There are currently over 100 million people in the U.S. that receive some kind of welfare specifically for low-income people.  That is about one-third of the entire population of the U.S.  I guess you could say that Lyndon Johnson’s war on poverty has been a huge success in getting a massive segment of the population dependent on the federal government.

Of course, all of the money that funds these programs has to come from somewhere.  It is either through taxes, or through debt and inflation. Middle and upper income earners pay the large majority.  But poor people pay both also, so they are technically just getting some of their own money back, with major administrative costs being taken off the top.

While most low-income people don’t pay income taxes, they do pay payroll taxes if they are working.  They also pay many other taxes including gas taxes, sales taxes, phone taxes, cable taxes, and the list goes on.

And low-income people certainly take a hit with debt and inflation.  Wages tend to lag behind in increasing with consumer prices.  If a gallon of milk goes up in price by a dollar, who do you think it hurts the most?  A high-income earner or someone with a high net worth won’t feel it nearly as much as the guy barely getting by.

A War on Everything

It seems that the government knows how to make a mess of anything it declares war on.  (Ironically, there hasn’t been an official declaration of war, militarily speaking, since World War 2.)

When the government declares a war on drugs, then this leads to more violence and more drug use.  When the government declares a war on terror, this leads to more terrorists.  When the government declares a war on poverty, it leads to more poverty and more dependence on government.

Since Johnson declared the war on poverty, the poverty rate is no better today than it was 50 years ago.  You could argue that poor people are a little better off economically speaking.  Some have cell phones and cable television.  But this is really more of a reflection of the advancement in technology.  If it had been up to the government, people would be much poorer today than 50 years ago.

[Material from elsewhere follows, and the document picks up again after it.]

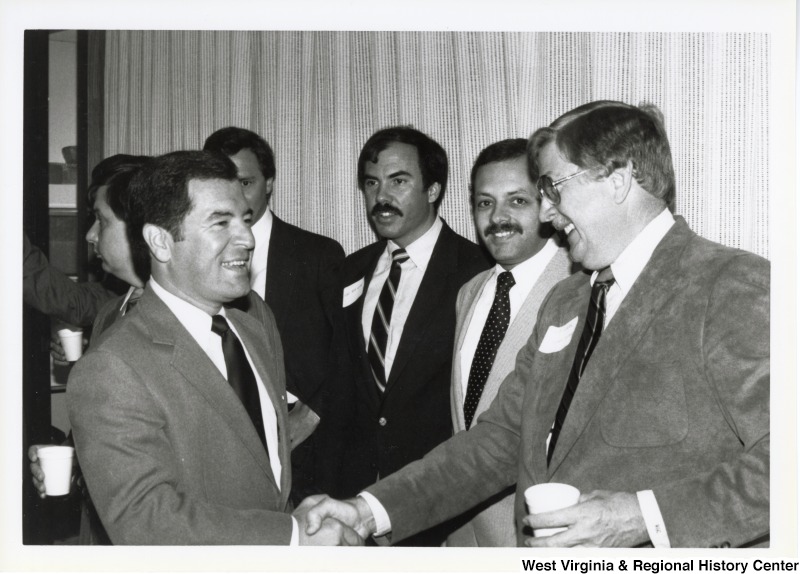 On the left, Representative Nick J. Rahall (D-W.Va.) shakes hands with an unidentified man at an event with a group of unidentified men.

It is actually the things that the left hates that have managed to give some help to poor people.  Think about Walmart.  I don’t love shopping at Walmart because of the chaos there at times, but it has undoubtedly helped millions of people.  They can buy food and other consumer products at cheaper prices.

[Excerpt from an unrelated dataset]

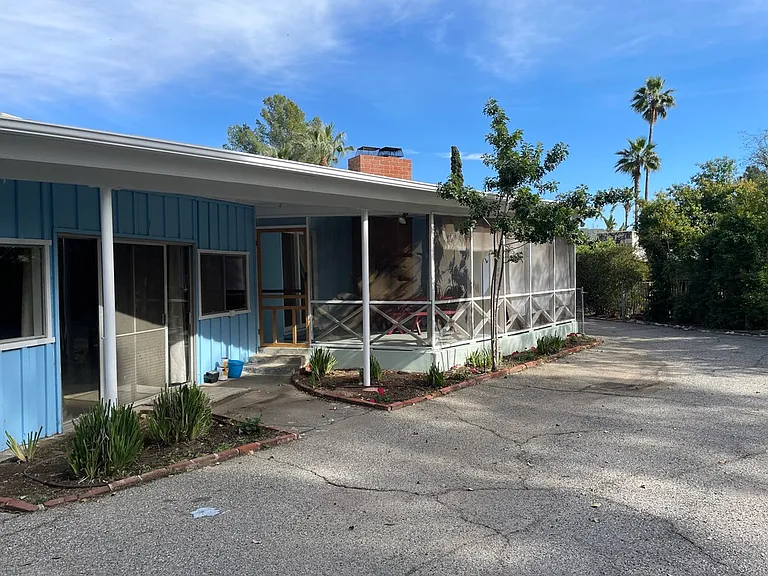 Covered patio, back driveway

The free market, despite the massive government interference, is what has enabled some people to lift themselves out of poverty and to prosper.  And it is the free market that has given us an almost exponential growth in the electronics industry.  It has enabled poor people to afford cell phones, televisions, and computers.

Meanwhile, the government just hampers this process.  As both Frederic Bastiat and Henry Hazlitt taught, a good economist will look at the unseen effects of government policy.  In other words, if the government hadn’t spent $22 trillion over the last 50 years in the name of fighting poverty, imagine how much more we would have today.  Imagine the inventions and advances that we haven’t seen because the government deprived the market of this capital investment.

There would be far less poverty today if the government had never started a war on poverty.  And we also wouldn’t have a hundred million people dependent on the government.  It is going to be that much more painful when the government faces major fiscal problems and has to break some of its promises.  Meanwhile, let’s hope the government doesn’t declare any more wars.